Search code examples
nltkbleu

Why Sacrebleu returns zero BLEU score for short sentences?


Why scarebleu needs that sentences ends with dot? If I remove dots, the value is zero.

import sacrebleu, nltk
sys = ["This is cat."] 
refs = [["This is a cat."], 
        ["This is a bad cat."]] 

b3 = sacrebleu.corpus_bleu(sys, refs)
print("b3", b3.score)
print("b3", round(b3.score,2))

This returns the following:

b3 35.1862973998119
b3 35.19

When I remove the ending dots.

sys = ["This is cat"] 
refs = [["This is a cat"], 
        ["This is a bad cat"]] 


b3 = sacrebleu.corpus_bleu(sys, refs)
print("b3", b3.score)
print("b3", round(b3.score,2))

It prints zero using scarebleu which is again weird!:

b3 0.0
b3 0.0

Solution

  • BLEU is defined as a geometrical average of (modified) n-gram precisions for unigrams up to 4-grams (times brevity penalty). Thus if there is no matching 4-gram (no 4-tuple of words) in the whole test set, BLEU is 0 by definition. having a dot at the end which will get tokenized, makes it so that that there are now matches for 4-grams because smoothing is applied.

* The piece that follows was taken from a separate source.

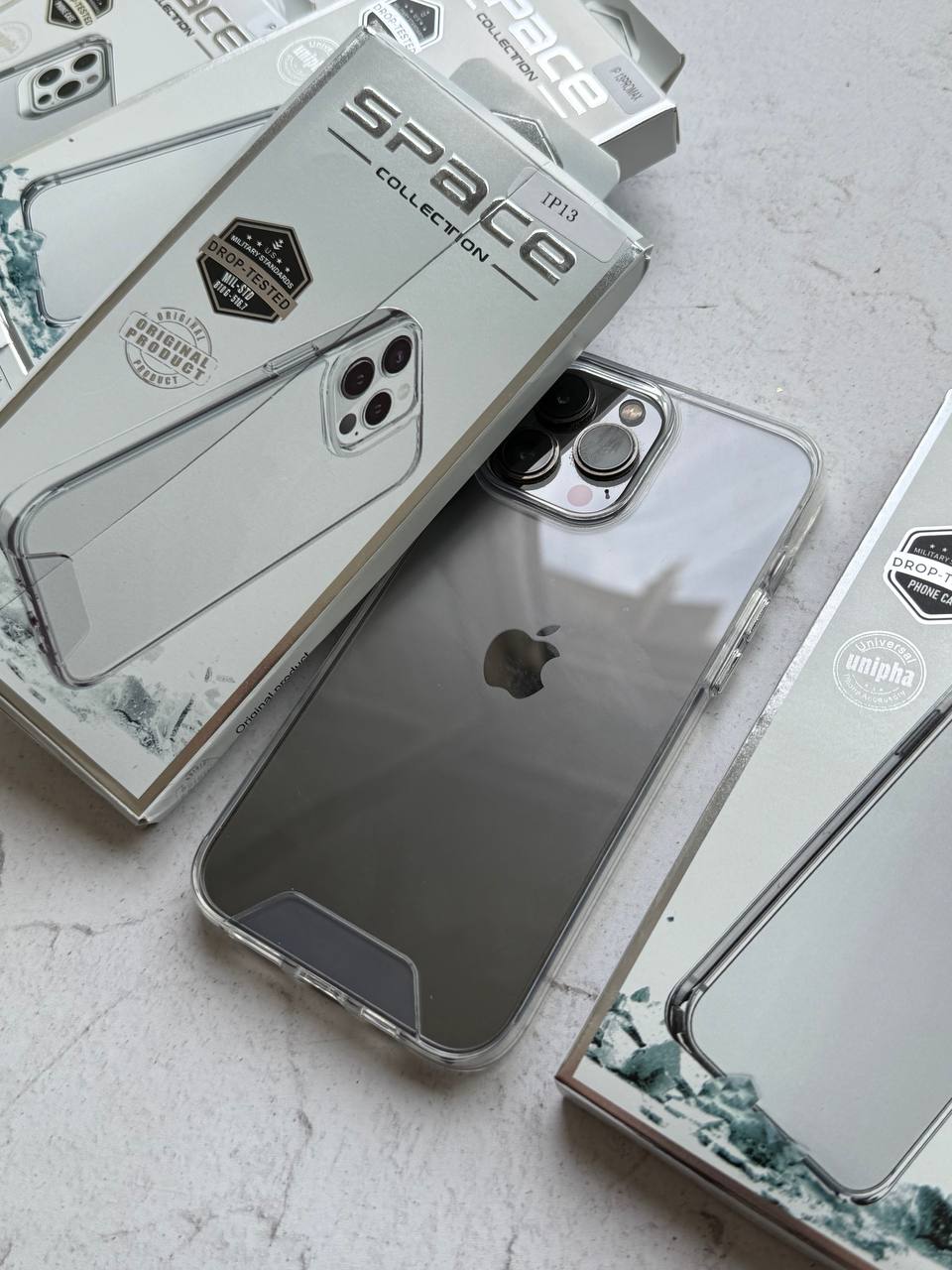 قاب space شفاف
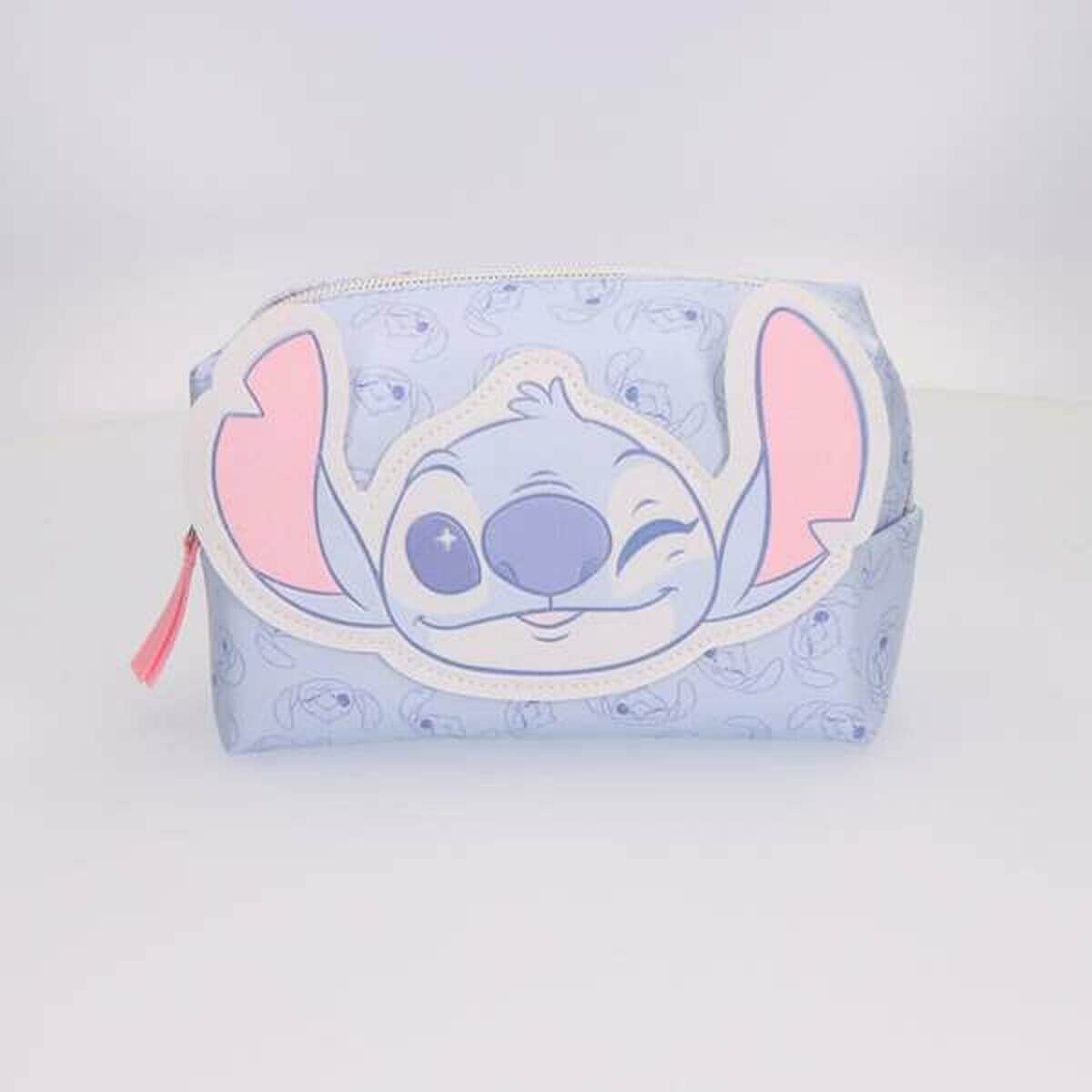 Resenecessär Stitch Blå - finns hos Aktivcamping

    BLEU was designed for scoring test sets with hundreds of sentences where such case is very unlikely. For scoring single sentences, you can use a sentence-level version of BLEU which uses some kind of smoothing, but the results are still not ideal. You can also use a character-based metric, e.g. chrF (sacrebleu -m chrf).

    You can also pass use_effective_order=True to corpus_bleu so that only the matched n-gram orders are counted instead of 4 n-grams. However, in that case, the metric is not exactly what people would refer to BLEU.